バナナマンの人気の理由はどこにあるのか。お笑い評論家のラリー遠田さんは3つのポイントを指摘する。「まずは見た目のよさ。設楽さんは格別イケメンというわけではありませんが、ひとくせある印象的な顔立ち。日村さんは顔面と髪型で強烈なインパクトを残します。2人ともおしゃれなイメージで清潔感もありますね」と話す。
2つめは「芸人らしからぬ品の良さ」。お笑い芸人といえば、ガツガツと前に出てまくし立てるイメージがつきものだが、「バナナマンは2人とも落ち着きがあり、一歩引く大人の余裕があります」という。

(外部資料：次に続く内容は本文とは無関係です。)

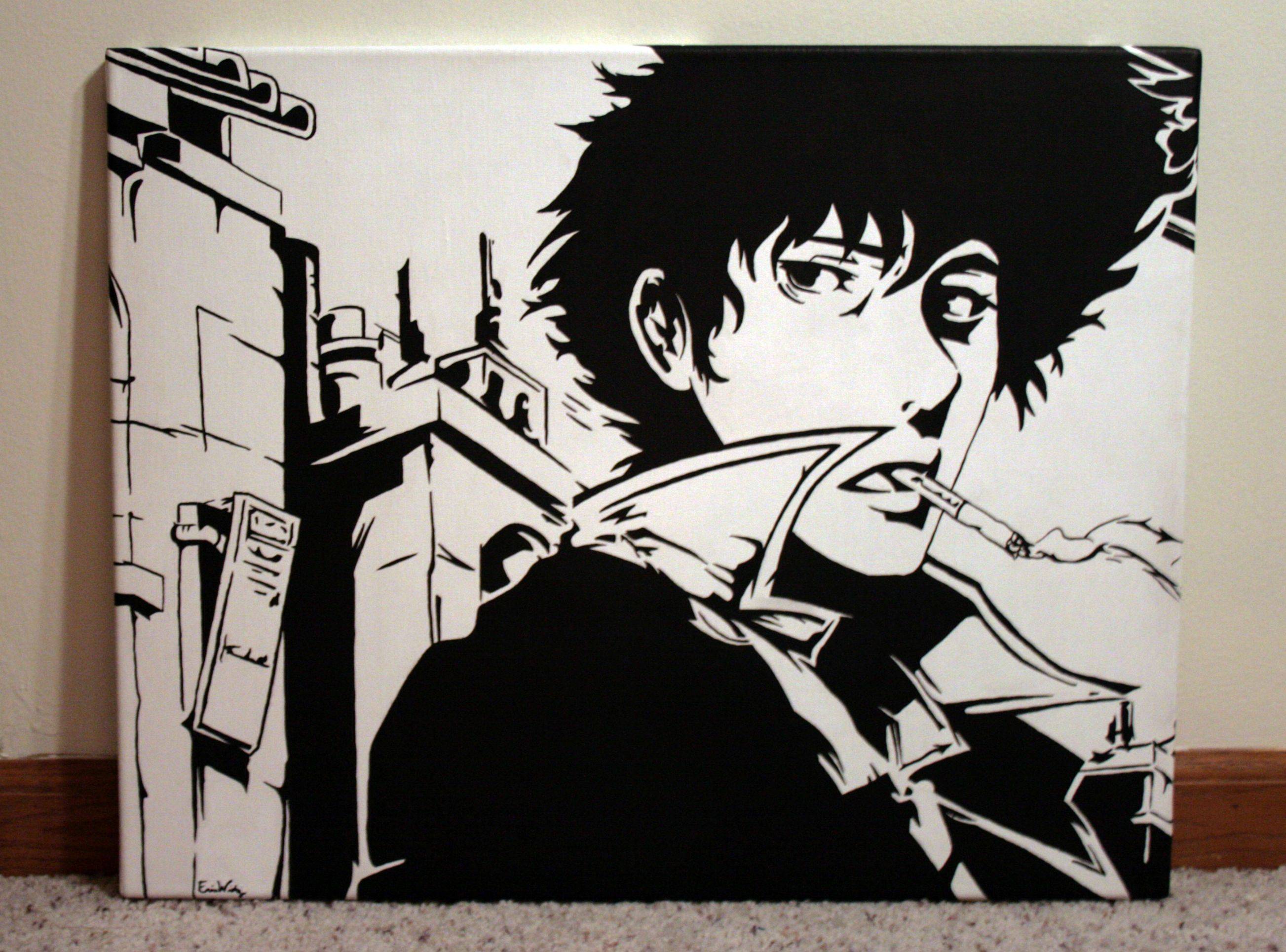 2606x1929 Suggested X Post From Rart. My Acrylic Painting Of Spike, Made - Cowboy Bebop Painting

そして3つめは、「なんでもこなす能力の高さ」だ。「彼らのコントは昔からライブシーンでは高く評価されていました。2人とも演技がうまく、役者としても十分通用します。加えてMC能力のある設楽さんは場を仕切れる上に、トークで笑いが取れる。日村さんには体を張って笑いを取るリアクション芸の力、顔芸の魅力もあります。とにかく万能で何でもこなせる頼もしい存在なのです」。
「an・an」の「男の色気特集」にも取り上げられる
さらに、設楽さんについては「幅広い層に好かれる人間的魅力、何でもこなせる器用さがありますね。品がいいのに少し意地悪でSっぽいところが、異性にも好かれるようです」と評する。設楽さんは現在「ノンストップ!」でMCを務めるが、朝の情報番組のMCに必要な「主婦層のハートをつかむセクシーさ」があるのだという。実際、女性人気はインターネット上でもしばしば話題にのぼっている。13年1月には、雑誌「an・an」の「男の色気特集」にも取り上げられたほどだ。もちろん、MCとしての実力もある。「いつも冷静で場の空気を読む力があります。共演者への接し方が優しくて繊細、言葉の端々にも気づかいが感じられます」(ラリー遠田さん)。

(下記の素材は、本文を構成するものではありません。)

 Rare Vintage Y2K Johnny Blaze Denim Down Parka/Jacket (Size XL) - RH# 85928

しかし、こうした周囲の評価について本人は疑問に思っているようだ。7月20日放送のラジオ番組「バナナマンのバナナムーンGOLD」では、日村さんが設楽さんに関連するニュースを読み上げると「司会、大したあれじゃないんでね…」「日村さんが横にいてくれてるおかげでそういうふう(イケメン)にみられることが多くて」「人脈豊富じゃないし、若手の面倒見もよくない」などと、照れ隠しもあるのだろうが、否定的なコメントを繰り返していた。

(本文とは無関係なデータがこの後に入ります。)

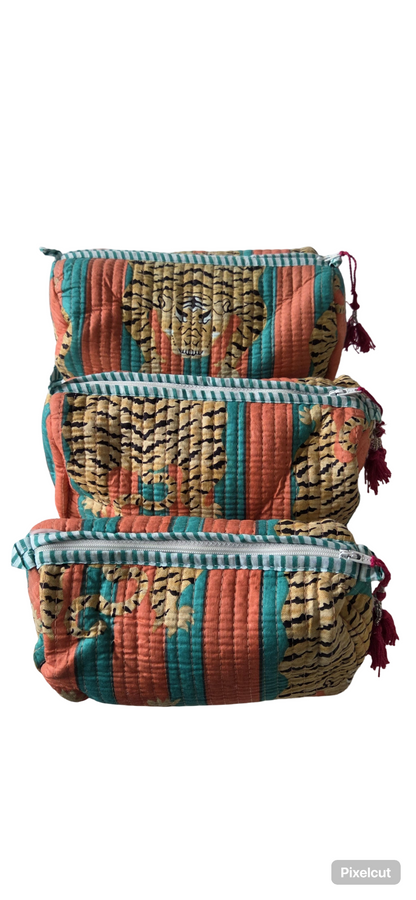 Cheetah | Quilted Cotton Cosmetics Pouch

その中で唯一、同意を示したのは「ギャラについて細かいことを言わず、お得感がある」という点だ。設楽さんは、不景気で番組経費が減らされている中、「これぐらい(編注:低めのギャラ)でやれる人みたいなノリの人っていうのがあるのでは」と分析。「お得感があるって思われていたらうれしいけどね」と話していた。